Translation:Mche wa matunda
I'm not sure what your thought process was. What I see above is:
Mche wa matunda
Mche is indeed for any type of seedling. The word wa basically means "of" and matunda is the word that carries the meaning "fruit" (in the plural, meaning pieces of fruit, not just one piece).
It should be pretty transparent, so I'm wondering if there was some Duolingo glitch that just showed you "mche" alone as the answer. It wouldn't be the first time.
I wrote "mche wa tunda" but Duo showed me "mche" as the correct answer. Which is weird given that somewhere earlier Duo had insisted the answer for "plant seedling" is "mche wa mmea". So, the question is, "when did they decide seedling of something can be translated simply as 'mche'?" This their inconsistencies is KILLING me!

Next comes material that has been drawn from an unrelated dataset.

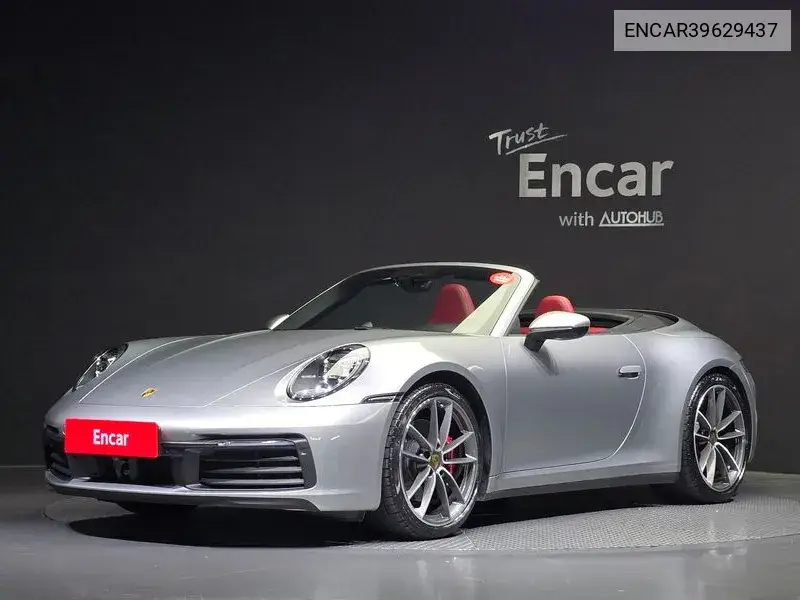 911 (992) Carrera 4S Cabriolet VIN: ENCAR39629437 Lot: 39629437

I was wondering why it would not be mche ya matunda in this case, since this would mean the seedling of the fruit, following the rules of asscociation as given in the tips and notes. Here it seems the association needs to be made with mche, which would explain the wa, but I do not get the logic behind it. Can someone explain?
in the M/Mi noun class the singular 'a of association' is 'wa' and the plural is 'ya'. Mche wa matunda - the seedling of a fruit(notice how we are talking about one seedling here). Miche ya matunda - the seedlings of a fruit( 'ya' because seedlings is plural. I hope I answered your question properly.